Metadata-Version: 2.1
Name: compress-fasttext
Version: 0.1.3
Summary: A set of tools to compress gensim fasttext models
Home-page: https://github.com/avidale/compress-fasttext
Author: David Dale
Author-email: dale.david@mail.ru
License: MIT
Description: # Compress-fastText
        This Python 3 package allows to compress fastText word embedding models 
        (from the `gensim` package) by orders of magnitude, 
        without significantly affecting their quality. 
        
        This [blogpost in Russian](https://habr.com/ru/post/489474) 
        and [this one in English](https://towardsdatascience.com/eb212e9919ca)
        give more details about the motivation and 
        methods for compressing fastText models.
        
        
        **Note: gensim==4.0.0 has introduced some backward-incompatible changes:**
        * With gensim<4.0.0, please use compress-fasttext<=0.0.7 
        (and optionally Russian models from [our first release](https://github.com/avidale/compress-fasttext/releases/tag/v0.0.1)).
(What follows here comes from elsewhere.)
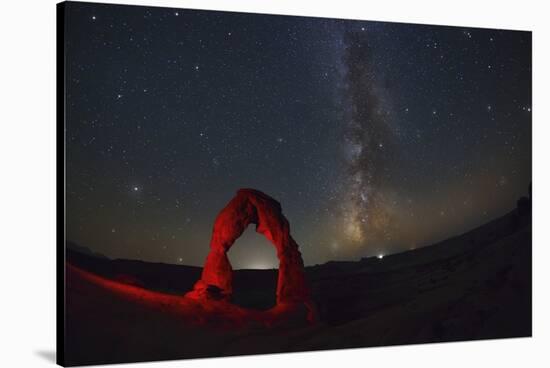 Delicate Arch and the Milky Way.-Jon Hicks-Stretched Canvas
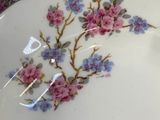 a white plate with pink and blue flowers on it next to a white plate with pink and blue flowers on it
        * With gensim>=4.0.0, please use compress-fasttext>=0.1.0
        (and optionally Russian or English models from [our 0.1.0 release](https://github.com/avidale/compress-fasttext/releases/tag/gensim-4-draft)).
        * Some models are no longer supported in the new version of gensim+compress-fasttext 
          (for example, multiple models from [RusVectores](https://rusvectores.org/ru/models/) that use `compatible_hash=False`). 
        * For any particular model, compatibility should be determined experimentally. 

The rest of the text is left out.